District Judge Gilmore (sitting by designation), concurring in part and dissenting in part, Brown v. Alexander, 718 F.2d 1417 (6th Cir. 1983). The Michigan Supreme Court also divided sharply on this issue in 1996. Michigan State AFL-CIO v. Employment Rels. Comm’n, 453 Mich. 362 (1996).
There is no constitutional requirement that the state government bargain with public employee unions at all. However, once the state government decides to bargain, it may not do so under rules that penalize membership in particular unions. By arguing that Act 10 applies different treatment to public safety unions than it does to more general public employee unions, the plaintiffs have raised legitimate constitutional claims that often have been decided by the courts on very fact-specific grounds. In this regard, Judge Colas’ ruling is neither exceptional nor unprecedented.
Objections to some of the specific details contained within Act 10 could have been raised and addressed if the legislation had been introduced and considered via the normal legislative procedures. Fixing any constitutional defects during the drafting process could have been a simple matter. Instead, the bill was introduced and passed without public scrutiny or debate. This litigation once again demonstrates the truth to the adage that “haste makes waste.”

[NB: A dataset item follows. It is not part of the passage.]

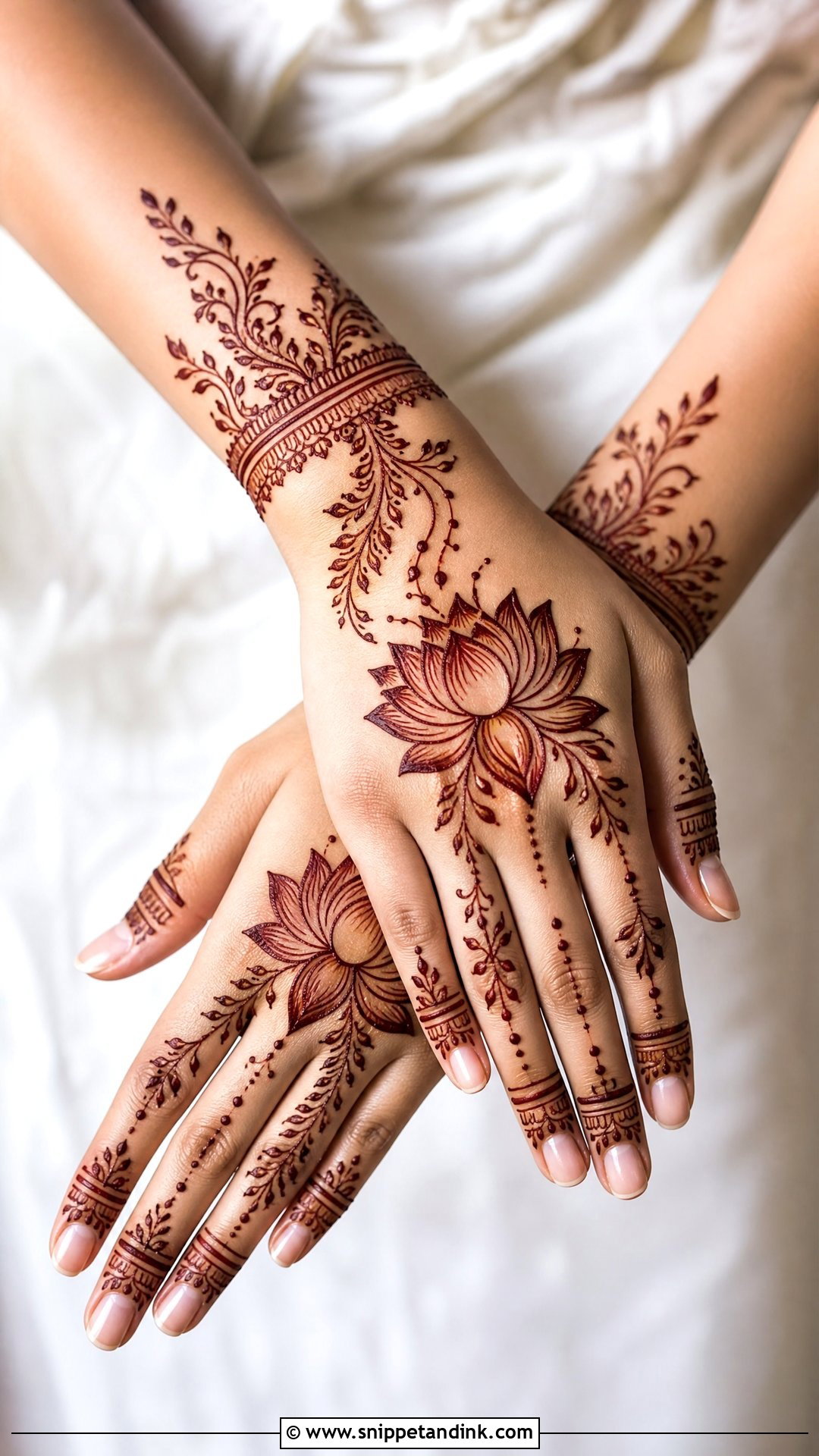 Simple Lotus Wedding Mehndi Design - Snippet and Ink - 25 Simple Wedding Mehndi Designs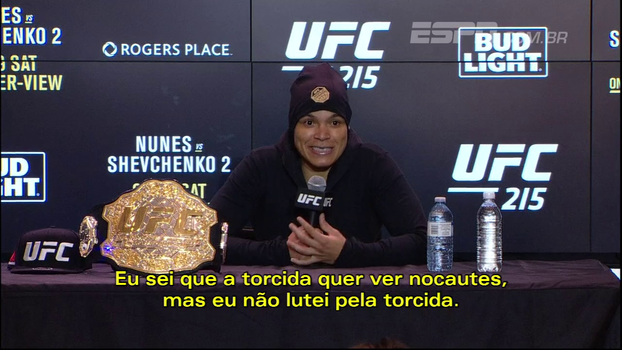 Amanda fala sobre vaias ao fim da luta: 'Essa luta foi para mim. Para provar que sou a melhor' Amanda fala sobre vaias ao fim da luta: 'Essa luta foi para mim. Para provar que sou a melhor'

I am sympathetic to the argument that hard fought legislative accomplishments should not be undone by after the fact court challenges. Judges should presume the constitutionality of statutes, unless challengers overcome such a presumption. Such judicial deference accords finality to the actions of the legislative branch. However, complaints about litigation undoing the hard work of the legislature ring hollow when they come from an Attorney General that ostentatiously joined in the litigation seeking to overturn ObamaCare.
The conservative “noise machine”– consisting of ersatz news media, think tank “experts,” and political campaign consultants — will no doubt seek to mold public opinion in this case. They will ignore the merits of the legal claims at issue and try to convince the public that any adverse ruling is the result of one partisan judge acting without legal authority. Of course, the consequence of such a strategy is to intimidate judges who might otherwise give legal claims against the State a fair hearing, and also to steadily undermine the public’s confidence in the legal system.
Members of the State Bar should refuse to play along with this game. By all means, we should feel free to criticize the reasoning of Judge Colas’ opinion. His application of the precedent to the specific provisions of Act 10 is fair game for critical analysis. However, anyone who has been following the nationwide litigation concerning public employee bargaining rights must recognize that Judge Colas was correct to take the plaintiff’s constitutional arguments seriously.